* DESCRIPTION OF THE TASK
Only the images get left out; everything else in the records is to be transcribed exactly.

* LISTED ENTRIES
........

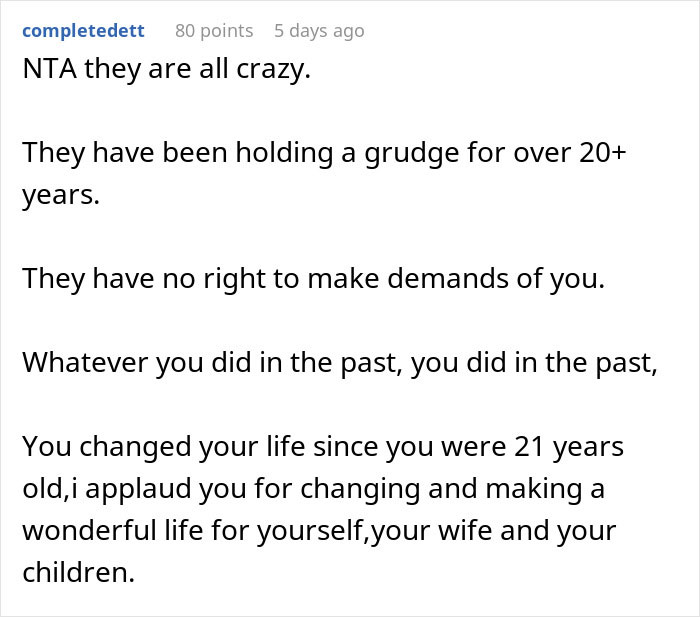 Comment text discussing a man buying wife’s childhood home and brother demanding he move out for the family. - 34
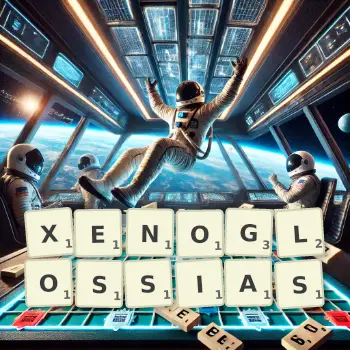 Creative illustration for a Scrabble game with the word XENOGLOSSIAS spelled out in tiles on the board.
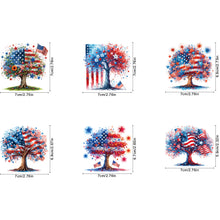 Load image into Gallery viewer, 6Pcs Independence Day Flag Tree Fridge Stickers Diamond Painting Fridge Magnet
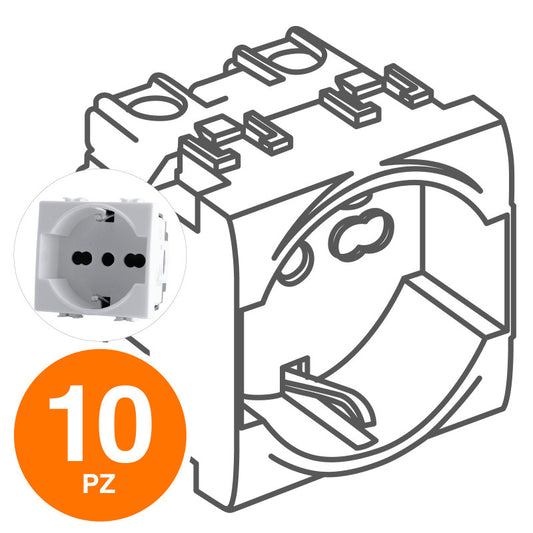 MAPAM Presa Schuko Unel (16A-250V) JOY Bianco - Confezione 10pz - mod. 514B - Compatibile con BTicino MATIX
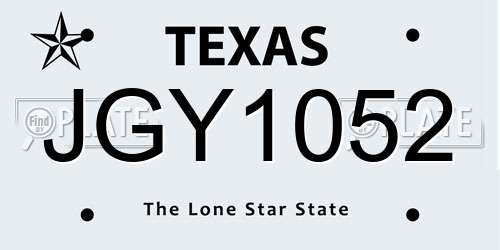 JGY1052 Texas License Plate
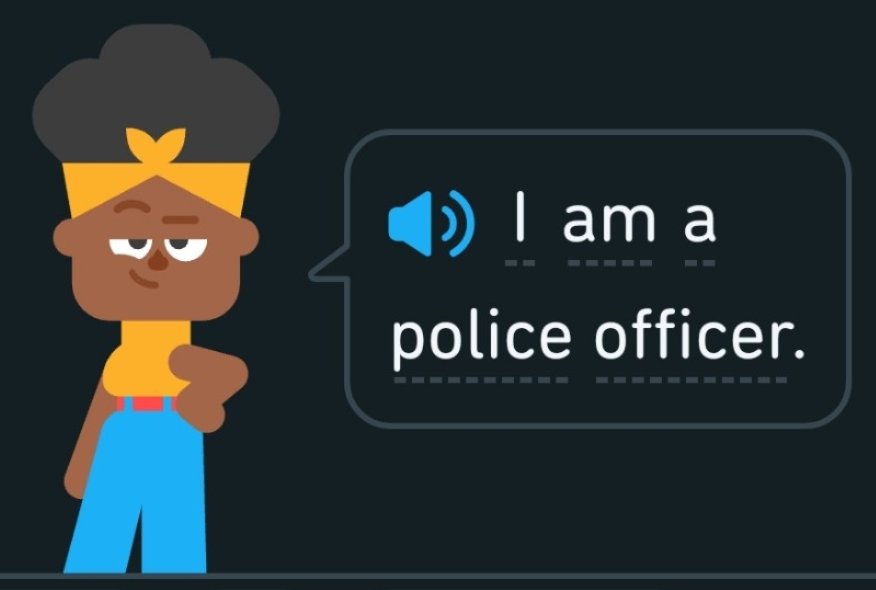 Police officer Duolingo Blank Meme Template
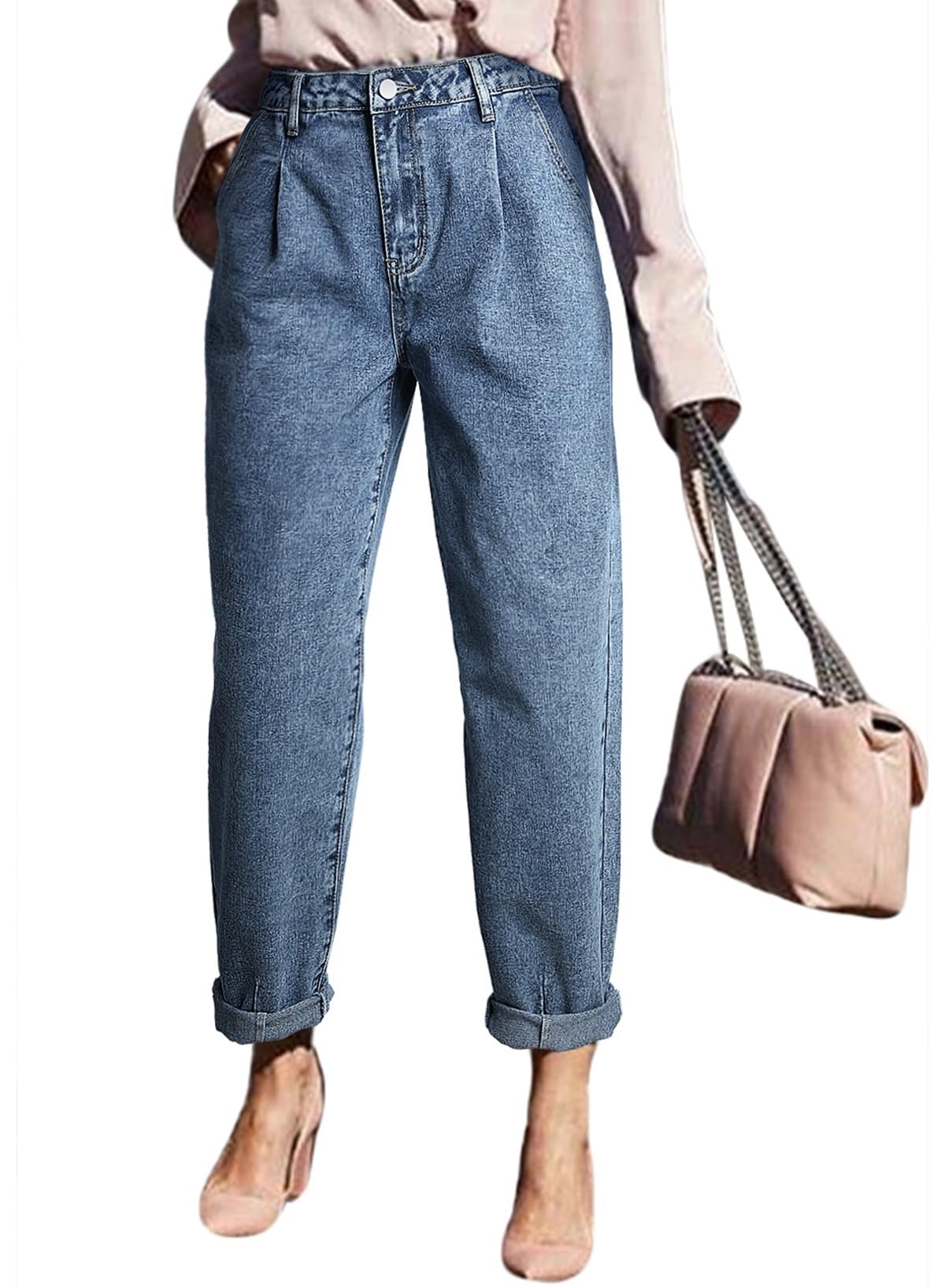 Jeans Estilosos E Modernos De Cintura Alta, Cortados Para Mamãe, Azuis 8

........

* TASK RESULT
 Comment text discussing a man buying wife’s childhood home and brother demanding he move out for the family. - 34
 Creative illustration for a Scrabble game with the word XENOGLOSSIAS spelled out in tiles on the board.
 Load image into Gallery viewer, 6Pcs Independence Day Flag Tree Fridge Stickers Diamond Painting Fridge Magnet
 MAPAM Presa Schuko Unel (16A-250V) JOY Bianco - Confezione 10pz - mod. 514B - Compatibile con BTicino MATIX
 JGY1052 Texas License Plate
 Police officer Duolingo Blank Meme Template
 Jeans Estilosos E Modernos De Cintura Alta, Cortados Para Mamãe, Azuis 8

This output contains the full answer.